Zwierzęta doświadczalne mają być lepiej chronione

W parlamencie zakończono prace nad ustawą o ochronie tzw.  zwierząt doświadczalnych, czyli tych, które wykorzystywane są do celów naukowych lub edukacyjnych. Ustawa ta jest przeniesieniem na grunt polski unijnej dyrektywy. Teraz dokument czeka już tylko na podpis prezydenta.

Źródło: sxc.hu

W Polsce dotąd obowiązywała ustawa z 2005 roku, która nie uwzględniła wszystkich regulacji Unii Europejskiej. Nowa ustawa ma na celu zmniejszenie cierpień zwierząt i  ograniczyć ryzyko prowadzenia doświadczeń niepotrzebnych i nieuzasadnionych.

Ustawa nakłada obowiązek lepszego monitowania zwierząt laboratoryjnych.
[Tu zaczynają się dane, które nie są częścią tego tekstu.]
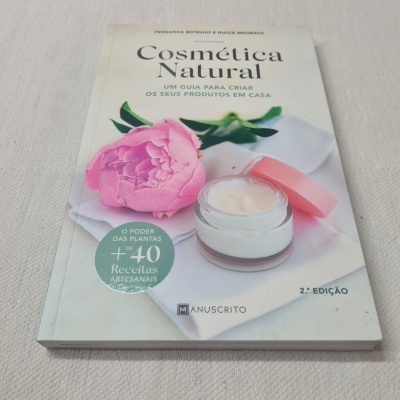 Capa do livro Cosmética Natural com flor rosa e creme branco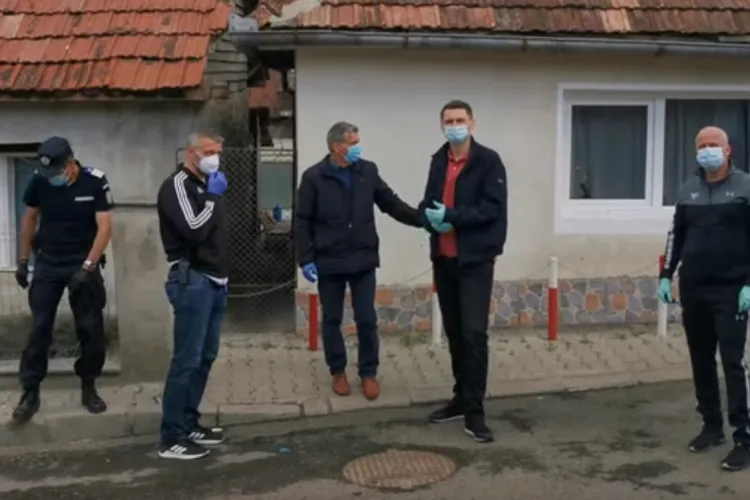 Romii din Dej puși în carantină forțată! S-au îmbolnăvit la o slujbă religioasă ilegală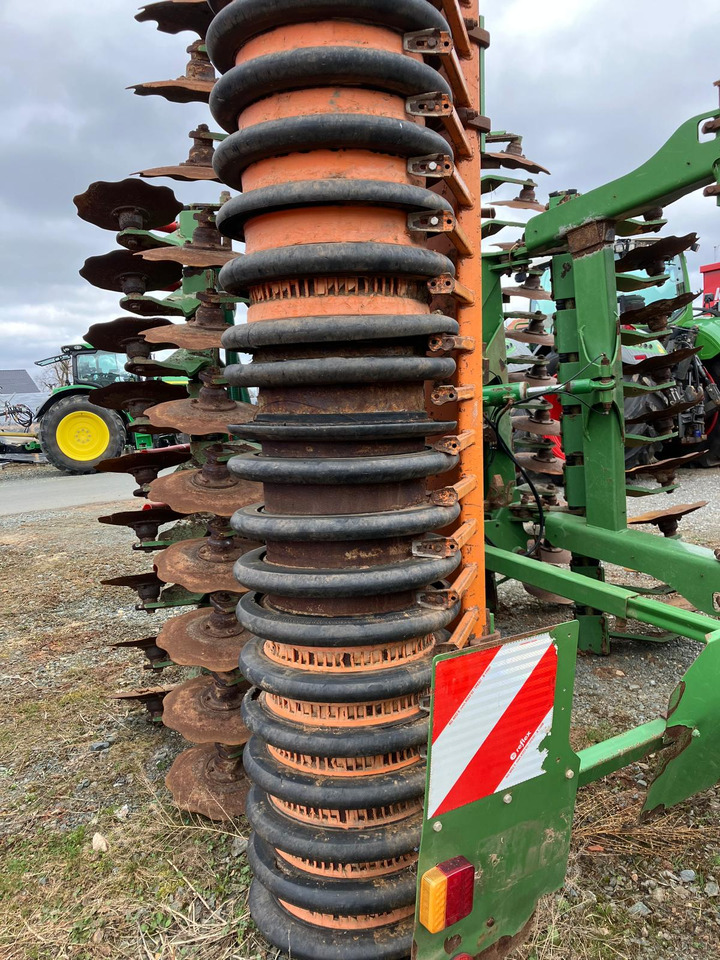 Amazone Catros 5001-2 Pro - Tanjurača: slika Amazone Catros 5001-2 Pro - Tanjurača Amazone Catros 5001-2 Pro - Tanjurača: slika Amazone Catros 5001-2 Pro - Tanjurača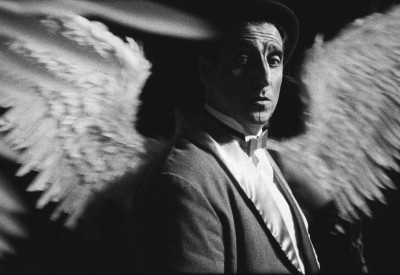 IL Y A BEAUCOUP DE LUMIERE ICI (THERE IS SO MUCH LIGHT HERE)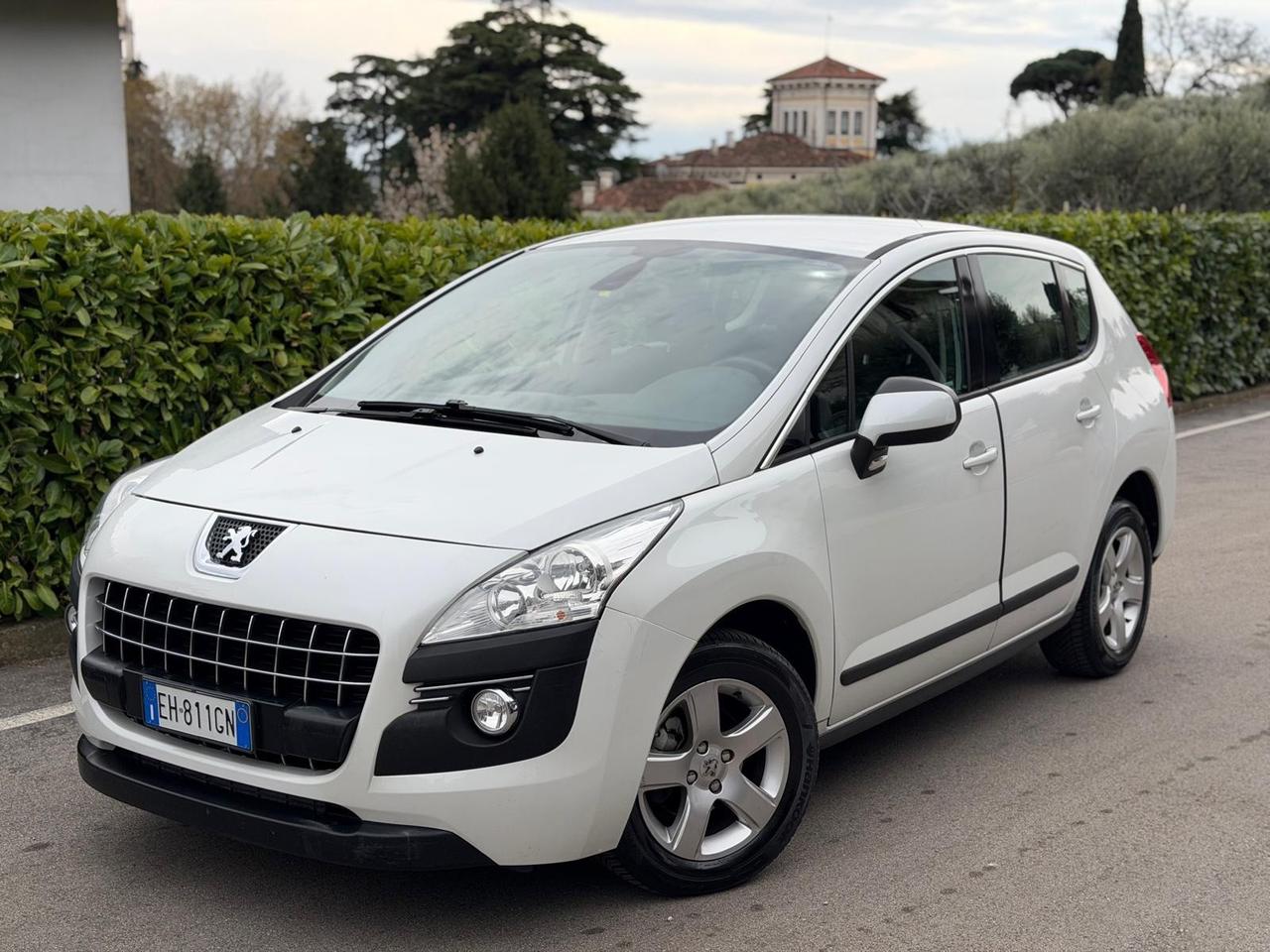 Peugeot 3008 1.6 HDi 112CV cambio robotizzato Tecno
Hodowcy, dostawcy i właściciele zwierząt mają zapewnić zwierzętom właściwą opiekę weterynaryjną. Podczas komisji sejmowych projekt uzupełniono o zapis gwarantujący współpracę lokalnych komisji etycznych z lekarzem weterynarii, który nadzoruje instytucje prowadzące doświadczenia.  Zgodnie z przyjętą ustawą zakazane będzie przeprowadzanie procedur związanych z dotkliwym i długotrwałym bólem, którego nie da się złagodzić. Eksperymenty z wykorzystywaniem zwierząt dzikich i bezdomnych będą zaś prowadzone tylko w wyjątkowych i usprawiedliwionych okolicznościach. Nie będzie można przeprowadzać również doświadczeń, które uniemożliwiłyby zwierzętom wydawanie głosu lub inne sposoby okazywania bólu. Eksperymenty z udziałem zwierząt mogą odbywać się tylko wtedy, gdy nie ma już innej możliwości.

"Na świecie jest coraz mniej sytuacji, gdzie wykorzystuje się zwierzęta laboratoryjnie, coraz więcej jest technik wizualizacyjnych, komputerowych" - mówi minister. "To, co zostało przyjęte w sejmie, maksymalnie chroni zwierzęta nie tylko przed bólem, ale także i przed stresem" – powiedziała „Gazecie Prawnej”, minister nauki i szkolnictwa wyższego, profesor Lena Kolarska-Bobińska.